[What you have to do] Output consists of the line that contains "Начертите и обозначьте" plus every later line of the material below, each one duplicated exactly.

[Provided records]

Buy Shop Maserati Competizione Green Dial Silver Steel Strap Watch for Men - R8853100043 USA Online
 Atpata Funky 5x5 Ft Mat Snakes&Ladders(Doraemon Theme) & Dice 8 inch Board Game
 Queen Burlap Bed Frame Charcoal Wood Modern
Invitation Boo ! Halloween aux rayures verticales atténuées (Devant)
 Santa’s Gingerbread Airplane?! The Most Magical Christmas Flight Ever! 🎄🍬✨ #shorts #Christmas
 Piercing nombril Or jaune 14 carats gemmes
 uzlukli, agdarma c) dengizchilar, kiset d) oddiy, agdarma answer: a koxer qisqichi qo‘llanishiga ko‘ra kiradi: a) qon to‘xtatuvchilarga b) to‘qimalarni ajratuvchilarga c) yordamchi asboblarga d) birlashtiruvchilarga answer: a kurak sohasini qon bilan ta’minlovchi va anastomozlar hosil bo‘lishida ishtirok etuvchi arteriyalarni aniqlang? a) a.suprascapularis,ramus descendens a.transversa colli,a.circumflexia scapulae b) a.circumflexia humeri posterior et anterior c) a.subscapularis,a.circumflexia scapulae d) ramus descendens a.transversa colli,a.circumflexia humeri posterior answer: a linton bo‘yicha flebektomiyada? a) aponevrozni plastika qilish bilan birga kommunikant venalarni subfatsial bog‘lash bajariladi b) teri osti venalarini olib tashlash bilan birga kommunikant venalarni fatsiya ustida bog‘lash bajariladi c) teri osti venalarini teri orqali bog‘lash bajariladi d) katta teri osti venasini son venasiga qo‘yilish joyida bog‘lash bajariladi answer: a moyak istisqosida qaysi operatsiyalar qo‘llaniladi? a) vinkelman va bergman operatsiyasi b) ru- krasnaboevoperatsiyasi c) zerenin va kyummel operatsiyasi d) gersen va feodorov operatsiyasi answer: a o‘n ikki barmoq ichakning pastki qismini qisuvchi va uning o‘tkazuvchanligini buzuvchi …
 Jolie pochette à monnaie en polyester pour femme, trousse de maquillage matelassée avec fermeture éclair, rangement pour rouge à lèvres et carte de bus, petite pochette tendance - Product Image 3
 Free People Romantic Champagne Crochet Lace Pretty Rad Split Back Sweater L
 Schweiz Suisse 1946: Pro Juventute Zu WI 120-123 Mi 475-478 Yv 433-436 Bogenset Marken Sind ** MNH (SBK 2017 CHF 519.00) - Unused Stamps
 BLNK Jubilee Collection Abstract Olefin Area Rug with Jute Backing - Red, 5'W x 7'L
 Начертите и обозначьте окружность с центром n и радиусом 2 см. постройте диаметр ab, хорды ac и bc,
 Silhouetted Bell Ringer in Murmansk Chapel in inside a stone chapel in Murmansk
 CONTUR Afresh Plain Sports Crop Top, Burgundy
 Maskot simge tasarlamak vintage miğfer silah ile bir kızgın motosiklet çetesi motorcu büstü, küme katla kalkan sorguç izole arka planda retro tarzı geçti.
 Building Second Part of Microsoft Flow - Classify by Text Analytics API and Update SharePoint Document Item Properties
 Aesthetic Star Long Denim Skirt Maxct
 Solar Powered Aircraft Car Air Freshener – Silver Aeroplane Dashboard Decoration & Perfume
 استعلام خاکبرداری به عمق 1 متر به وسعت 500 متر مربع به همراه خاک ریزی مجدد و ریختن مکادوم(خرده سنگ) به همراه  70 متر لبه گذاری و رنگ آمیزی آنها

[Answer to the problem]
 Начертите и обозначьте окружность с центром n и радиусом 2 см. постройте диаметр ab, хорды ac и bc,
 Silhouetted Bell Ringer in Murmansk Chapel in inside a stone chapel in Murmansk
 CONTUR Afresh Plain Sports Crop Top, Burgundy
 Maskot simge tasarlamak vintage miğfer silah ile bir kızgın motosiklet çetesi motorcu büstü, küme katla kalkan sorguç izole arka planda retro tarzı geçti.
 Building Second Part of Microsoft Flow - Classify by Text Analytics API and Update SharePoint Document Item Properties
 Aesthetic Star Long Denim Skirt Maxct
 Solar Powered Aircraft Car Air Freshener – Silver Aeroplane Dashboard Decoration & Perfume
 استعلام خاکبرداری به عمق 1 متر به وسعت 500 متر مربع به همراه خاک ریزی مجدد و ریختن مکادوم(خرده سنگ) به همراه  70 متر لبه گذاری و رنگ آمیزی آنها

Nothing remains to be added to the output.